Given records.
____

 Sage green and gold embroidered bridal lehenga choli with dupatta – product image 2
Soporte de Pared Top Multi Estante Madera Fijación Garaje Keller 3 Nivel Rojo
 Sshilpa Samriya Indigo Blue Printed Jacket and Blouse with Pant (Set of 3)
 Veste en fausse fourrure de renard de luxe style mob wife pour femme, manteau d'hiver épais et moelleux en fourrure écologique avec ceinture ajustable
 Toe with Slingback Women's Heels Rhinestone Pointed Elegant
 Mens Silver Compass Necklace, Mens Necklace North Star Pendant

____

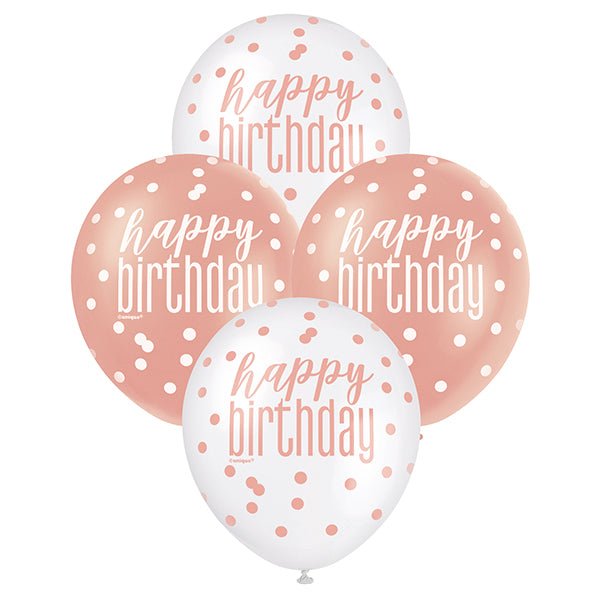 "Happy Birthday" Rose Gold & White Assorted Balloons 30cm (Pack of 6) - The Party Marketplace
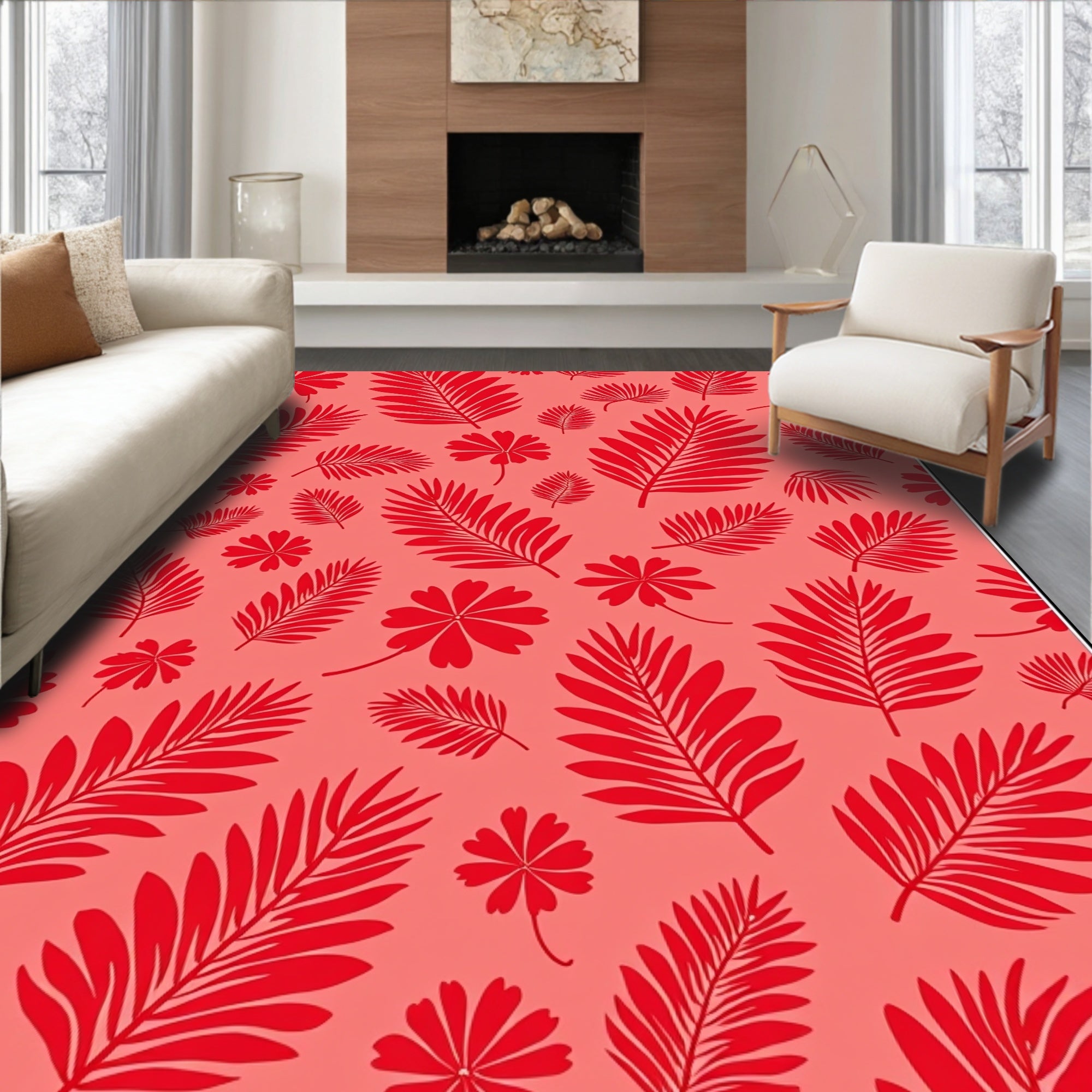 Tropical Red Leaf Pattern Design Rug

____

In the listing above, find the line containing "Sage green and" and the line containing "Mens Silver Compass", then retype both and every line between them exactly, with nothing else.

 Sage green and gold embroidered bridal lehenga choli with dupatta – product image 2
Soporte de Pared Top Multi Estante Madera Fijación Garaje Keller 3 Nivel Rojo
 Sshilpa Samriya Indigo Blue Printed Jacket and Blouse with Pant (Set of 3)
 Veste en fausse fourrure de renard de luxe style mob wife pour femme, manteau d'hiver épais et moelleux en fourrure écologique avec ceinture ajustable
 Toe with Slingback Women's Heels Rhinestone Pointed Elegant
 Mens Silver Compass Necklace, Mens Necklace North Star Pendant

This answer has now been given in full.